- _Problem statement_
Give the listing below again exactly, but without any of its pictures.

- _Data excerpt_
== Segment start ==
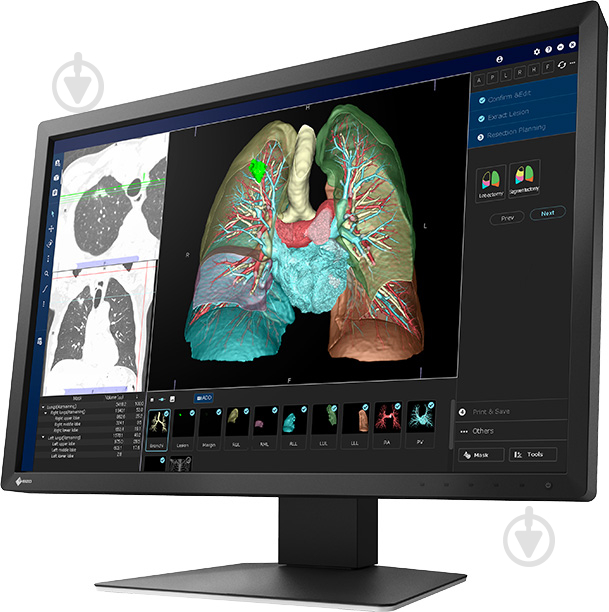 Монітор Eizo медичний RadiForce MX243W 24,1" (MX243W) - фото 2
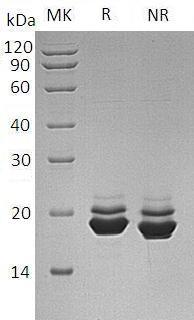Human APLP1 (His tag) recombinant protein
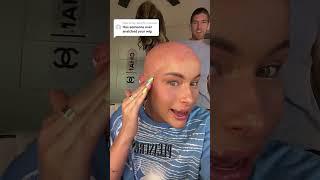 WIG SNATCH GONE WRONG #funny #comedy #bald #wigsnatch #alopecia #wigs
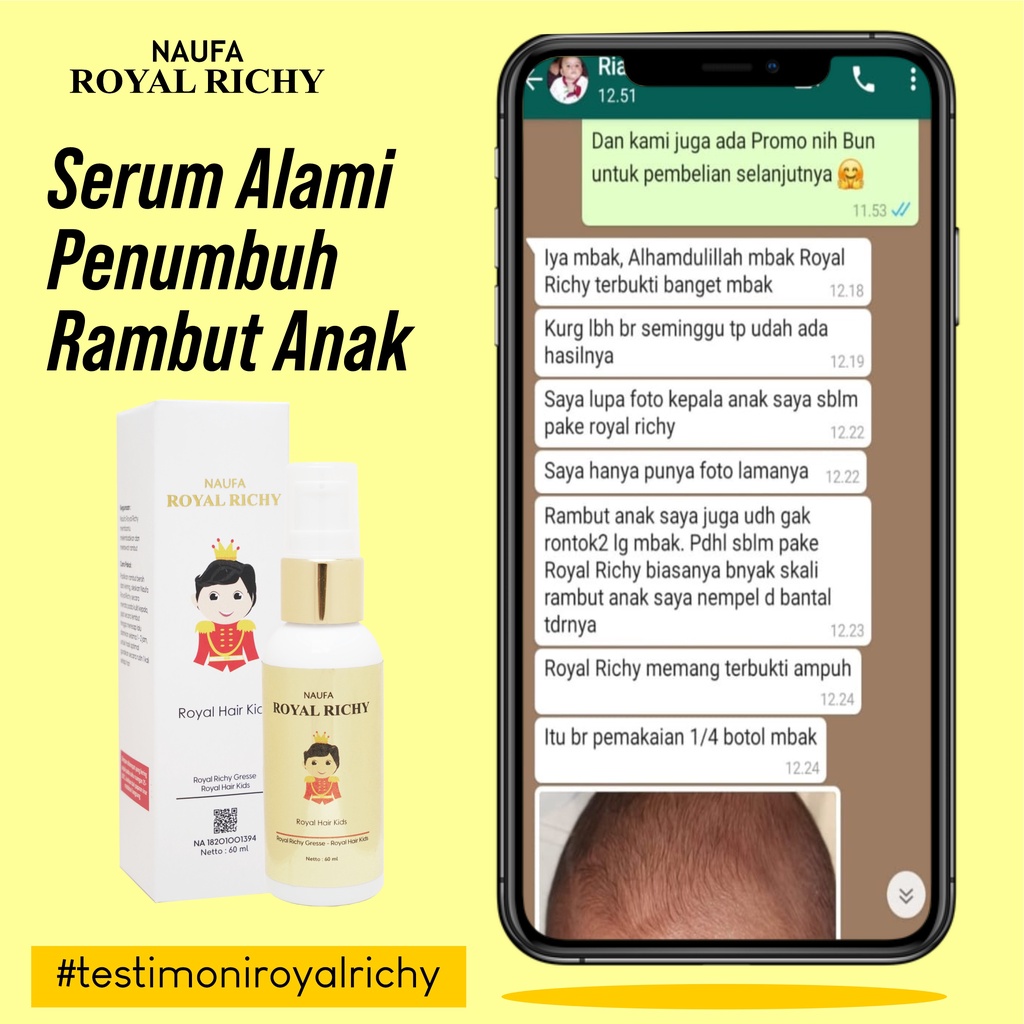 Naufa Royal Richy -  Serum Multivitamin Minyak Kemiri Penumbuh Penyubur &amp; Penebal Rambut Anak Bayi &amp; Dewasa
== Segment end ==
- _Result of the task_
 Монітор Eizo медичний RadiForce MX243W 24,1" (MX243W) - фото 2
Human APLP1 (His tag) recombinant protein
 WIG SNATCH GONE WRONG #funny #comedy #bald #wigsnatch #alopecia #wigs
 Naufa Royal Richy -  Serum Multivitamin Minyak Kemiri Penumbuh Penyubur &amp; Penebal Rambut Anak Bayi &amp; Dewasa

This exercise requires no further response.